**WHAT TO PRODUCE**
Output each line of the data below exactly, omitting any image.
BEGIN DATA SEGMENT
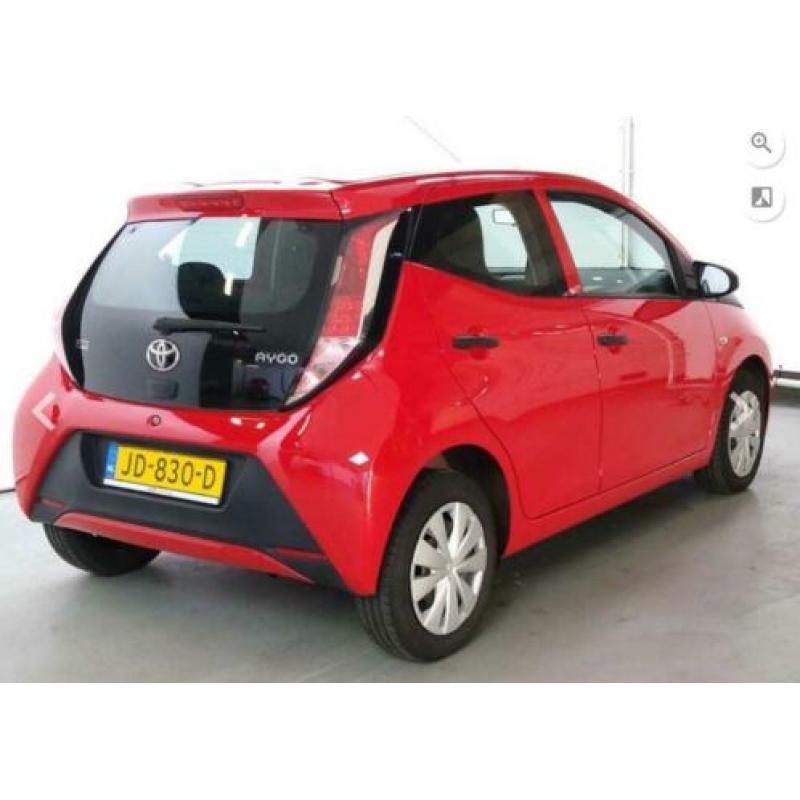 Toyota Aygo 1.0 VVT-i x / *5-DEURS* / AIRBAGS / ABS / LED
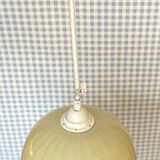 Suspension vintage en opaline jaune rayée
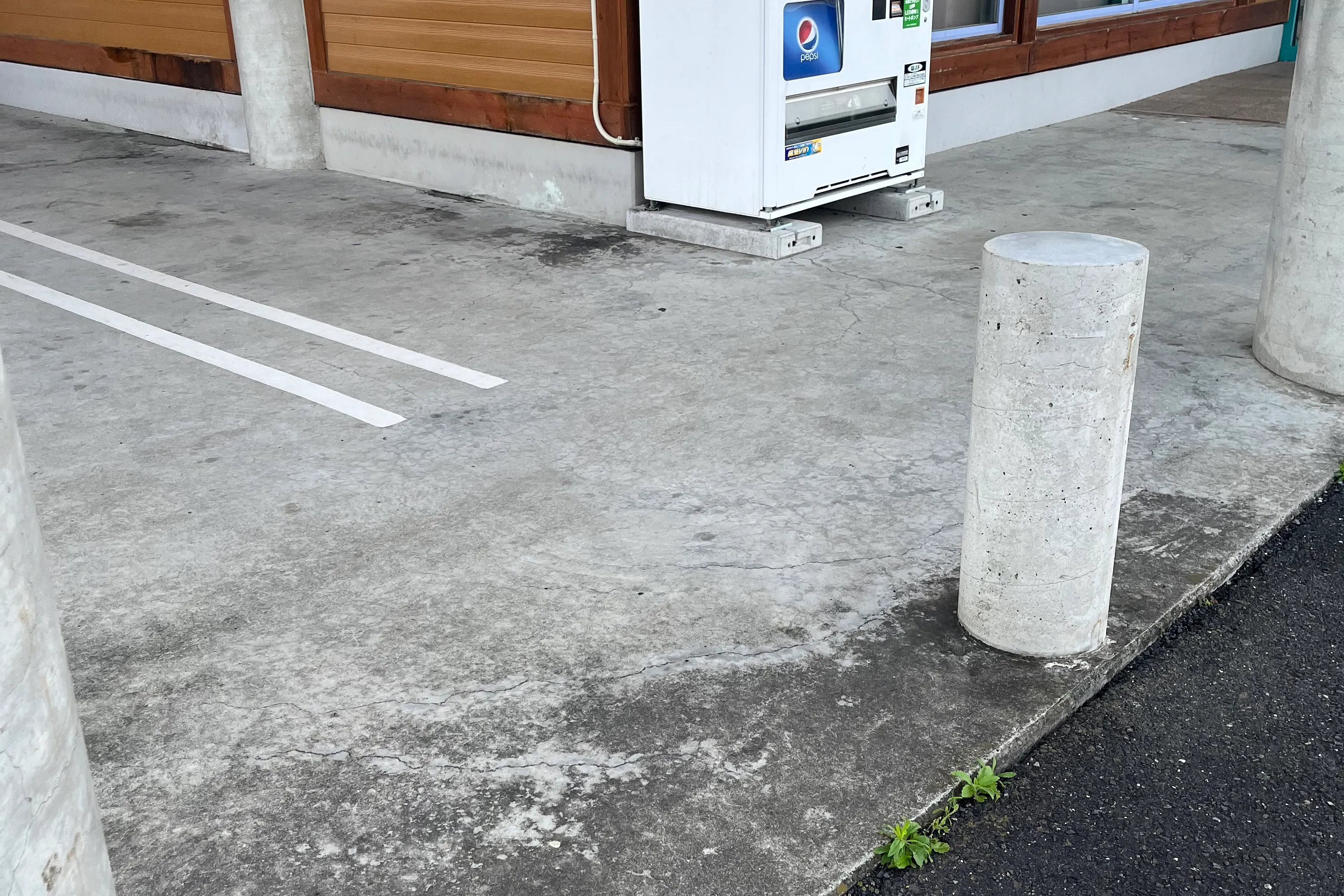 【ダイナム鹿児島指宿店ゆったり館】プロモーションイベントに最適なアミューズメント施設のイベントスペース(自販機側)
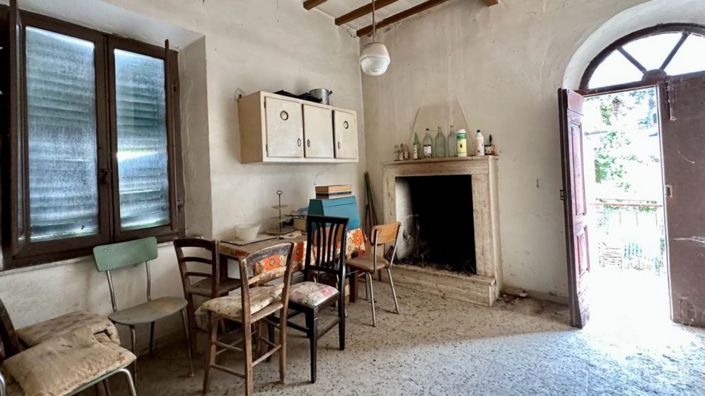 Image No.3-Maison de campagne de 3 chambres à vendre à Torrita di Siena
END DATA SEGMENT
**RESULT FOR THIS EXERCISE**
 Toyota Aygo 1.0 VVT-i x / *5-DEURS* / AIRBAGS / ABS / LED
 Suspension vintage en opaline jaune rayée
 【ダイナム鹿児島指宿店ゆったり館】プロモーションイベントに最適なアミューズメント施設のイベントスペース(自販機側)
 Image No.3-Maison de campagne de 3 chambres à vendre à Torrita di Siena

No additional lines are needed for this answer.